In addition to this, there is a blogger who is being threatened apparently by a serial killer. Since he's had bad things to say about police competence, the detective who is assigned to his case is not all that enthusiastic about it. This detective is married to TJ. This was a pleasant surprise because it's unusual for a PI (which is what TJ obviously is, despite her career title) to have a relationship worth the name, but other than that, I wasn't moved by this story, and saw no reason to pursue a whole series.

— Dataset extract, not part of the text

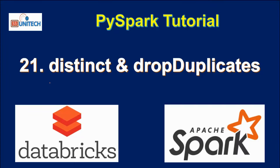Hello, welcome to SS Unitech. This is a continuation of the PySpark tutorial. In this video, we're going to see about distinct and drop duplicates.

It didn't begin well, with a kidnap victim showing up in a shopping a mall, yet no one thinks to check the security video? She's discovered and identified by a security consultant, who is evidently too stupid to think of doing basic detective work to see if anyone can be tied to this girl. She was wearing a hospital gown, and someone must have seen something out of place somewhere!, but TJ is too stupid to follow up, so the story started off lacking any credibility as a professional work. The problem as that it never improved.

It did pick up for me when I learned that a possible motive for the kidnapping was harvesting eggs, but that wasn't sufficient to turn it around, because it started going downhill after that, and the harvesting rationale was mundane and didn't make a whole heck of a lot of sense. I really didn't like these characters, not TJ, not Lisa very much, and not TJ's husband, nor did I find myself really caring about Kelsey, the kidnapped girl.

One issue was the derisory tone of the writing. I read irksome things like, "Her posture carried her tall frame with nearly military precision although there was nothing remotely masculine about her." Excuse me? You can't be feminine and in the military? What an awful thing for a female author to say about her gender!

It got worse. Later I read, "The man's voice hinted at homosexuality, with a soft lisp that almost sounded deliberate." What? This kind of thing really dropped me out of the story and made me not want to read any more. Note there's a difference between an author's character saying things like those: people are dicks at times, after all. Some people make a full time job of it, but when it's the author including these comments in the narrative, as was done here, then it's highly unlikely I'm going to ever be much of a fan of that author's writing.

Another oddball one was "The inside of the house definitely lacked a woman's touch," which is on oddly genderist thing to say whichever way you look at it: every home needs a woman? Not necessarily! Every home that has a woman ought to evidence a distinctly feminine touch? Again, no!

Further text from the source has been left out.